The Australian rugby league icon Wally Lewis, affectionately known as ‘the King’, confesses to having been diagnosed with the potential likelihood of chronic traumatic encephalopathy (CTE). The revelation came after he viewed brain scans so shocking that it even reduced his doctor to tears.
Lewis had sought medical advice following a mounting concern over memory loss issues he had been contending with for an extended period. The discovery was made when a recent brain scan was compared against previous ones, leaving both himself and his doctor entirely lost for words.
The astonishment stemmed from a stark contrast between the former and recent scans. Lewis recalled, “I was waiting to see a tiny mark on the X-rays (scans), reminiscent of my previous concussion spells when the doctor would just point out a minor different spot”.
He continued, “However, the difference between the first and second scans was drastic, which left me dumbfounded”. The changes were so substantial that his doctor was visibly moved and something she’d never seen before.

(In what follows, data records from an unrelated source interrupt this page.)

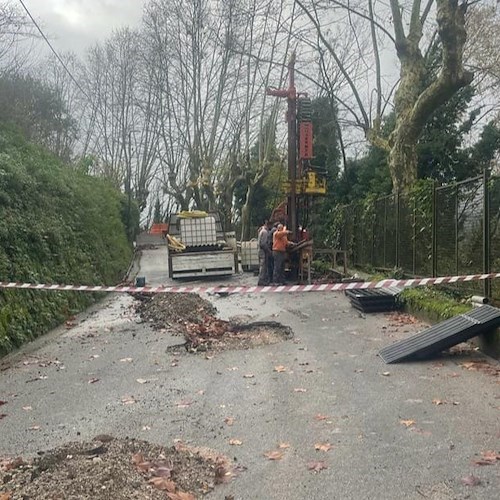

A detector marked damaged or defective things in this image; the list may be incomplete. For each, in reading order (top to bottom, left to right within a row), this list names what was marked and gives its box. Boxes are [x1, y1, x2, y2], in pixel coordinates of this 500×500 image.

landslide damage [135, 292, 294, 354]
cracked asphalt [0, 247, 500, 500]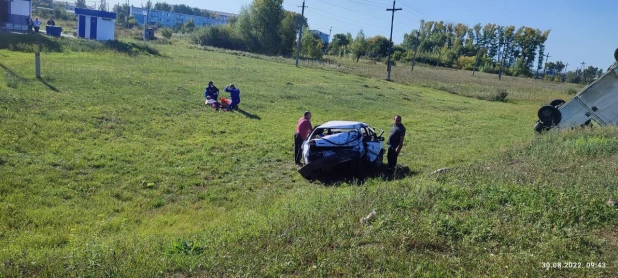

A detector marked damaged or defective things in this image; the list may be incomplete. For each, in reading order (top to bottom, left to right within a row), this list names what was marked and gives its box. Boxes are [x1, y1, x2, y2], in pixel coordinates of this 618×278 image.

overturned vehicle [532, 48, 612, 134]
overturned vehicle [298, 120, 382, 179]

Despite the emotional reaction, the physician maintained her positivity stating, “This is not about dwelling on the negatives, let’s focus on the positives and begin managing this in the most effective way possible,” shared Lewis.
The primary symptoms experienced by Lewis till now have been severe memory loss accompanied by frequent headaches, prompting his awaiting trip to Sydney for further discussion regarding healthcare plan with his doctor. Despite his alarming diagnosis, Lewis maintains there are no regrets circling his NRL career, though he concedes possible alterations to his play technique if he knew beforehand.

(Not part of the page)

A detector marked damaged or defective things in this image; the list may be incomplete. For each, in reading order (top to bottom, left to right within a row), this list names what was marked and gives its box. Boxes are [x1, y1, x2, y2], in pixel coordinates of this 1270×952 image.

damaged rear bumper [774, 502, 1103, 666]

“I didn’t actively engage in the sport seeking concussions or planning evasive actions. Rugby was born out of my sheer passion for the sport and I am frank about not seeking any sympathy at this stage.” He also added that the sport shouldn’t be vilified for his diagnosis and any errors could be attributed to incorrect head positioning during tackles.

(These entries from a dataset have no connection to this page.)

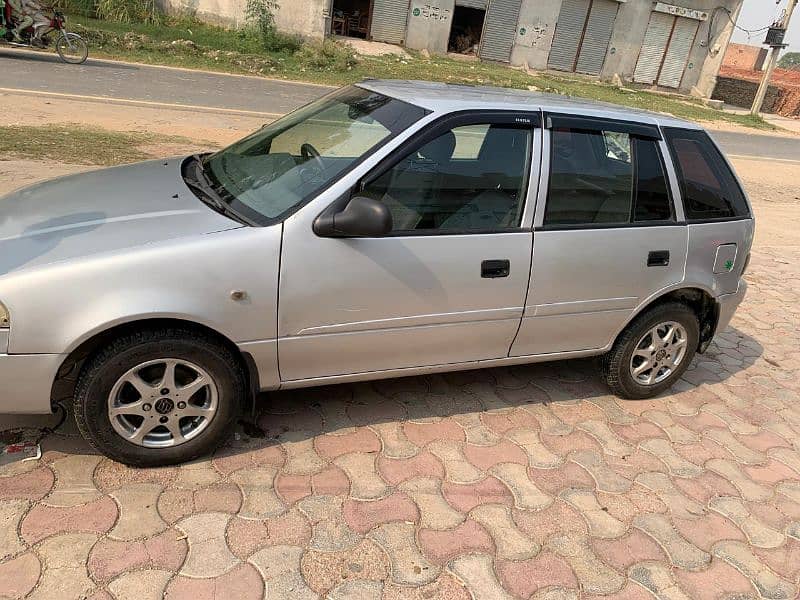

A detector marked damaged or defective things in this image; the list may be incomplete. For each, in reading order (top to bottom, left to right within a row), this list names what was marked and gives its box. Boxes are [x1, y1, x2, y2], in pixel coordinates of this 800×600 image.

dent on car door [276, 112, 544, 380]
dent on car door [512, 115, 688, 356]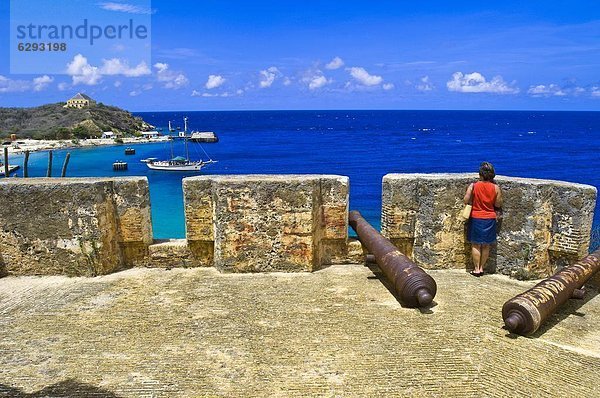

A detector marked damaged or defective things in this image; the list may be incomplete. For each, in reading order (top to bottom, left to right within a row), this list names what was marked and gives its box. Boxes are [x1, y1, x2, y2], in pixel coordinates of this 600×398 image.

rusty cannon barrel [346, 211, 436, 308]
rusty cannon barrel [502, 249, 600, 336]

CTE is highlighted by Dementia Australia as a form of dementia caused by repeated concussions or head injuries. Over time, an individual’s regular functioning or working lifestyle may be adversely impacted due to the continuous degeneration of brain function.
Maree McCabe, CEO of Dementia Australia, acknowledges Lewis’s transparency about his diagnosis. “When well-known individuals like Wally open up about their personal struggles, it can reassure others experiencing similar issues and encourage them they are not alone.”
She further advised that CTE is entirely preventable and said, “Its risk can be significantly reduced by averting head injuries and implementing effective management of concussions based on proven best practice guidelines”.